Dataset excerpts
--------

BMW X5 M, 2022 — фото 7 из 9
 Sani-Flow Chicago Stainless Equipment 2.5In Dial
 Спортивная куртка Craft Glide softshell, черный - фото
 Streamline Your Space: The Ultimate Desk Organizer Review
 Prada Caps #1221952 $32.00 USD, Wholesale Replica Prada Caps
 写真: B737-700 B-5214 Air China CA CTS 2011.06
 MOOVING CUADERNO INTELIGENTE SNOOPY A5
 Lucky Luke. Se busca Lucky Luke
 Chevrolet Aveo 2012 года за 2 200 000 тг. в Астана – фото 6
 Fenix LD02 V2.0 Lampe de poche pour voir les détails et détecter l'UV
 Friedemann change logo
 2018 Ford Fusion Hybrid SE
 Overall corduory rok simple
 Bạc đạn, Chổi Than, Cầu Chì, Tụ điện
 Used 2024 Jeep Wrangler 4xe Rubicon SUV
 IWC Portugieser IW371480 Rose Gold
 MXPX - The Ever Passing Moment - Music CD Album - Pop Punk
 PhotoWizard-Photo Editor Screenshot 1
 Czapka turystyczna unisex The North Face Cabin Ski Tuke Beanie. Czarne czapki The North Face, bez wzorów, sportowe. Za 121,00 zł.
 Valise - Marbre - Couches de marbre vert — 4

--------

### Problem description
Starting at the line that contains "Streamline Your Space: The" and ending at the last line of the data, repeat each line exactly; include nothing else.

### Exercise answer
 Streamline Your Space: The Ultimate Desk Organizer Review
 Prada Caps #1221952 $32.00 USD, Wholesale Replica Prada Caps
 写真: B737-700 B-5214 Air China CA CTS 2011.06
 MOOVING CUADERNO INTELIGENTE SNOOPY A5
 Lucky Luke. Se busca Lucky Luke
 Chevrolet Aveo 2012 года за 2 200 000 тг. в Астана – фото 6
 Fenix LD02 V2.0 Lampe de poche pour voir les détails et détecter l'UV
 Friedemann change logo
 2018 Ford Fusion Hybrid SE
 Overall corduory rok simple
 Bạc đạn, Chổi Than, Cầu Chì, Tụ điện
 Used 2024 Jeep Wrangler 4xe Rubicon SUV
 IWC Portugieser IW371480 Rose Gold
 MXPX - The Ever Passing Moment - Music CD Album - Pop Punk
 PhotoWizard-Photo Editor Screenshot 1
 Czapka turystyczna unisex The North Face Cabin Ski Tuke Beanie. Czarne czapki The North Face, bez wzorów, sportowe. Za 121,00 zł.
 Valise - Marbre - Couches de marbre vert — 4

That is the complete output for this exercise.